Despite the hues and cries about Nigeria being an import-dependent economy over the years, and importing goods worth over N20 trillion last year alone, economists say that Nigeria is importing too little compared to its African and Asian peers.
Nigeria’s imports were worth N20.84 trillion in 2021, representing an increase of 64% compared to N12.7 trillion recorded in the preceding year, with Nigeria’s Petrol exports being the largest at N3.97 trillion, followed by Durum wheat – N1.29 trillion and used vehicles – N770.13 billion.
But imports make up less than 10% of GDP, and Nigeria’s largest import being refined Petroleum (which should reduce significantly once the Dangote Refineries and Port Harcourt refinery renovation come onboard).
According to Wale Smit, Nairametrics Columnist and Financial Analyst, “Nigeria’s import relative to the size of the economy is not large, relative to our export earnings which we need to finance those imports is not enough.”
Olumide Adesina, Financial Market analyst at Quantum Economics said, “The major challenge is that the biggest economy in Africa lacks significant purchasing power for large imports and production potential to increase exports.
“Despite being the most populous country on the continent, Nigeria is not the biggest importer. More imports are consumed by South Africans and Egyptians than Nigerians, but neither nation describes itself as an import-dependent nation.
Adesina therefore, urged that a globalized economy must import in order to capitalize on the comparative advantages of various nations, and the false belief that its economy is import-dependent has had significant repercussions. In an effort to balance its meagre export revenues with its import cost, Nigeria has attempted for years to forcefully reduce it.
Why Nigeria needs more imports
A quick look at Nigeria’s import per capita rate, compared with the rising export powerhouses of South East Asia, shows the true picture of how little Nigeria imports for its export goals.
According to data from OEC World, Nigeria’s import per capita stands at $252 billion, with exports of $42 billion for year 2020, which pales in comparison with Vietnam, which is the largest exporter in the Association of South East Nations.
The exporting Association of Southeast Asian Nations (ASEAN) region in 2020 had imports of $1.27 trillion and exports of $1.41 trillion. Vietnam’s Import per capita is ten times Nigeria’s at $2,770, contributing to exports of $300 billion. Also, compared with Nigeria major imports (fuel, wheat and used cars), Vietnam’s largest imports are integrated circuits ($34 billion), which is a major component for electronic manufacturing, which is no surprise as Vietnam’s largest exports are broadcasting equipment ($42 billion) and Telephones ($21.4 billion).

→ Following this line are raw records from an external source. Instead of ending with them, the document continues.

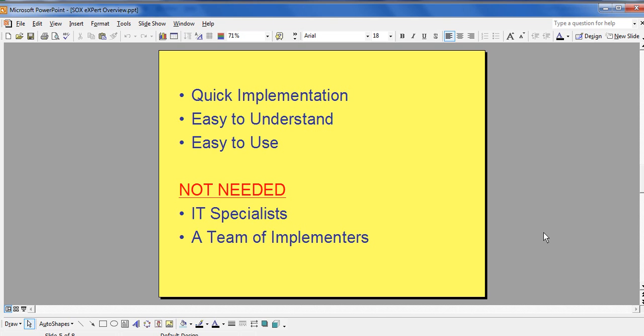Being Excel-based, cost savings are realized immediately since no other software or hardware is necessary. Another cost savings advantage is that implementation does not require IT specialists.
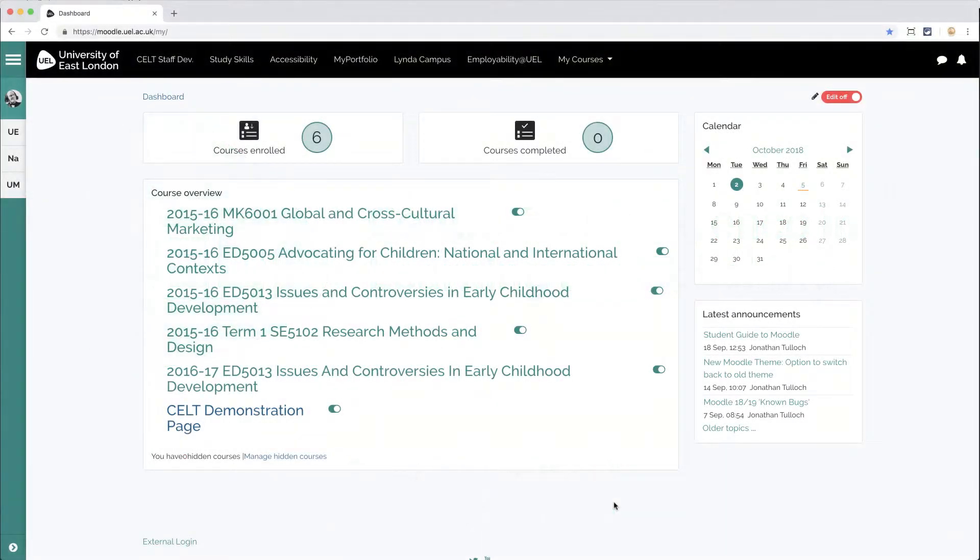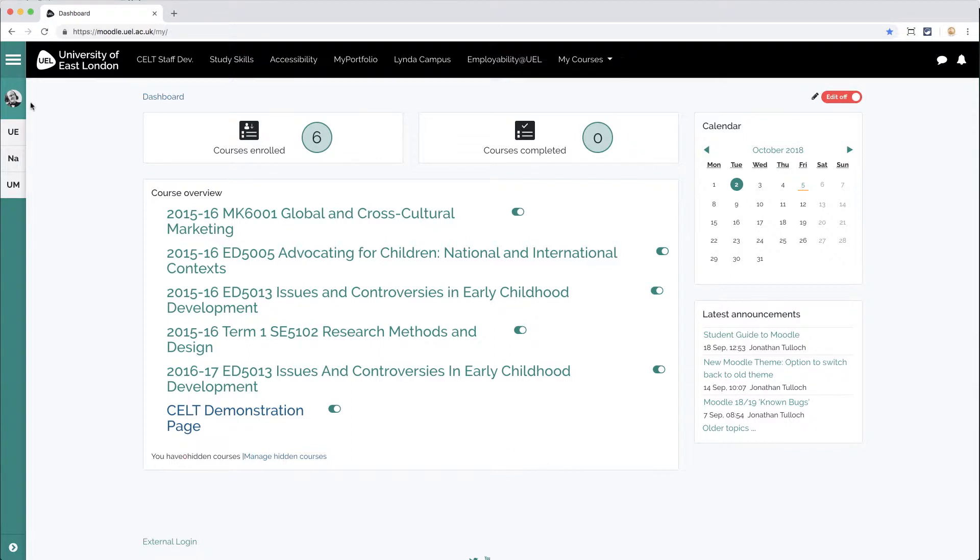You can change the look and feel of Moodle by choosing a different theme in your profile settings. First, click on your profile and then choose Edit Profile.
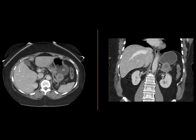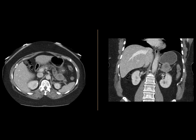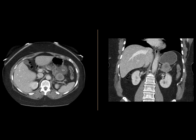The mass itself is somewhat heterogeneous, has soft tissue attenuation, and internally a little bit of lower attenuation associated with it.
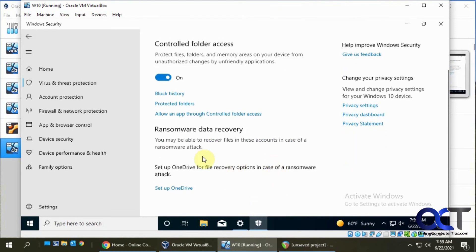If you want to set it up for OneDrive recovery, you could do that here if you have a OneDrive account, which you should if you have a Windows account.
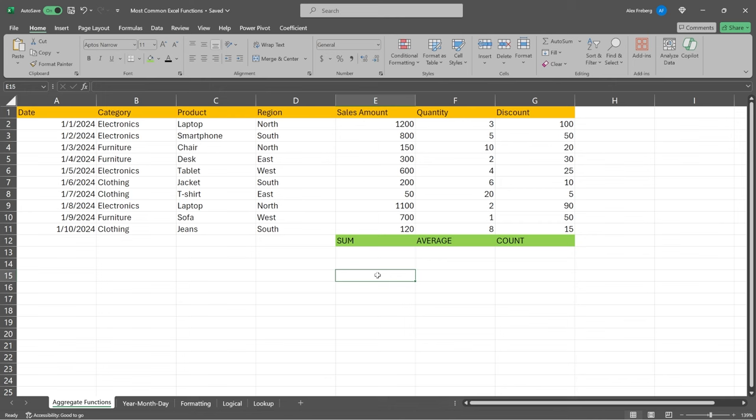The first one we're going to look at is aggregate functions. I use these almost every single time I'm in Excel, so these are extremely common to use. These are probably the ones out of all the ones we're going to look at today that you've used the most. Aggregate functions are quite simple — they take an array, or in this case a column of numbers, and you perform an aggregation on them: sum them up, take an average, or get a count of how many numbers are in there.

Comparing Nigeria with ASEAN countries with similar resources like Malaysia, which recorded imports per capita of $6000 and exports of over $266 billion, which includes refined petroleum ($15.9 billion for the period of 2020), palm oil ($10. 6 billion), and also high technology devices including integrated circuits ($65 billion) and semiconductor devices ($8.6 billion), with its largest import being integrated circuits at ($27.8 billion).

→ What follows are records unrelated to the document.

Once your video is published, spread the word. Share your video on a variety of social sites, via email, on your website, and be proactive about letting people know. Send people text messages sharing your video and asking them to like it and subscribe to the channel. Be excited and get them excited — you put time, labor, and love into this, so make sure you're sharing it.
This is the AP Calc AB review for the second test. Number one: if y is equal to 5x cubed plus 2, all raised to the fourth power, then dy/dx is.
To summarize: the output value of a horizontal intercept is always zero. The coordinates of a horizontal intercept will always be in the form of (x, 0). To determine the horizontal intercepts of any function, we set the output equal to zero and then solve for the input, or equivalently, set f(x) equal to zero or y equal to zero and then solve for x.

- Comparing Nigeria with Vietnam and Malaysia is in line with analysts’ views that in order for Nigeria to be a globalized economy, it must import to capitalize on the comparative advantages of various nations.
- Although Nigeria’s foreign trade rose to N13 trillion in the first quarter of 2022, increasing by 11.1% from N11.7 trillion recorded in the previous quarter and 65.4% higher than the N7.86 trillion recorded in Q1 2021, the improvement in Nigeria’s merchandise trade was due to increases in crude oil export receipts in the quarter.
- However, this is not enough to diversify our exports earnings potential as more imports are needed for manufacturing and food processing. Imports that aide industrialization include machines, semiconductors and integrated circuits.
- Nigeria needs to import more to be a globally competitive market for trade and economic development.